Wonderlands features six classes, and has you choose yours while creating a new character. Each class has just one skill tree, and while the flavor text gives you a decent overview of each one, it does not let you view the entire skill tree. Personally, I loathe when games make you select a class from the start: It’s a bummer to make such a crucial choice without having any clue how the game plays! Wonderlands, however, makes it a bit of an easier pill by allowing you to select a secondary class down the line. That option becomes available after you finish the “Emotion of the Ocean” story mission.
Confession: I spent the first few hours of Wonderlands fast-traveling from the various teleportation machines around its world. Yeah, about that…You can fast-travel directly from the map by availing yourself of the fast-travel menu (in the map menu) or by holding “A” over any feather icons (also on the map). Here, here for convenience!
Borderlands 3 shot itself in the foot by dropping gold-tiered items—the rarest gear, most of which has unique perks—at, oh, approximately the same rate it’d drop pickups like ammo and gold. In Tiny Tina’s Wonderlands, at least in the pre-endgame campaign, I’ve found that gold weapons have been blissfully rare. So far, I’ve earned just a handful. If you’re playing a cordial game of “coopetition,” the setting where loot is shared among players, keep that in mind when it comes time to divvying up the spoils. You might not see another gold sniper for a while.

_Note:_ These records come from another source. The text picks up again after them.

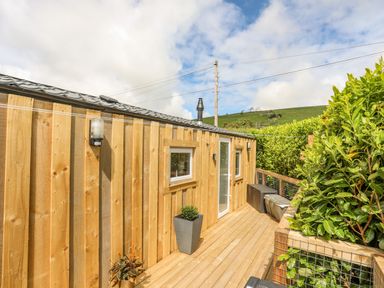 An exterior wooden deck with potted plants small windows and a glass door surrounded by greenery at Caban Cwtch The Cosy Cabin in Llanaelhaearn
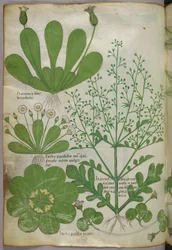 Ilustração botânica, c.1440 (tinta e cor sobre velino)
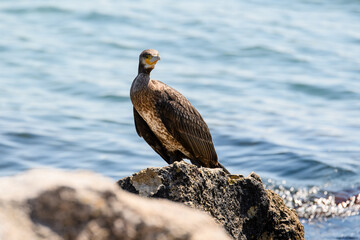 Great black cormorant on a stone. A large black bird sits on the background of the sea and looks into the camera.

Bonus tip for co-op: By its nature, the coopetition mode demands some competition. If that’s not what you want, you could just play the standard cooperation mode, where loot is unique to each player. But it’s important, too, to focus on the “coop” part of “coopetition.” My rule? Anything dropped by cannon fodder is fair game. Loot earned from chests and bosses, however, requires diplomacy.
Loot in Tiny Tina’s Wonderlands is color-coded by a rarity system you’re likely familiar with, from most to least common: white, green, blue, purple, and gold. It’s second-nature to assume that rarer gear is automatically better. But don’t sleep on the common stuff. Right now, for instance, with my primary character, green weapons occupy two of my four weapon slots. It’s worth inspecting and trying every new gun out before immediately selling it off.
In single-player, you can see all of a weapon’s info on a pop-up blurb by hovering over it in your inventory. When playing splitscreen, however, you don’t see any of that stuff. To get a rundown, you need to click the right thumbstick.
You can spot a loot’s rarity level by keeping an eye out for specific color-coded beams of light, but there’s another tell. When purple gear drops, you’ll hear a ch-ching! (It’s a bit louder for gold weapons.) That’s your cue that there’s a rare item somewhere on the field. Run!
Most good loot comes from chests and boss fights, but Wonderlands introduces a third option. You’ll find golden, 20-sided dice strewn around the map, typically tucked off the beaten path. Smash them open, and you’ll get a loot drop. And the more dice you find, the better loot you’ll get from the next die you find in that given region. You can check to see how many dice you’ve found in a region by opening your map, tabbing over to the “progress” tab, and scrolling down to the “lucky dice” bar.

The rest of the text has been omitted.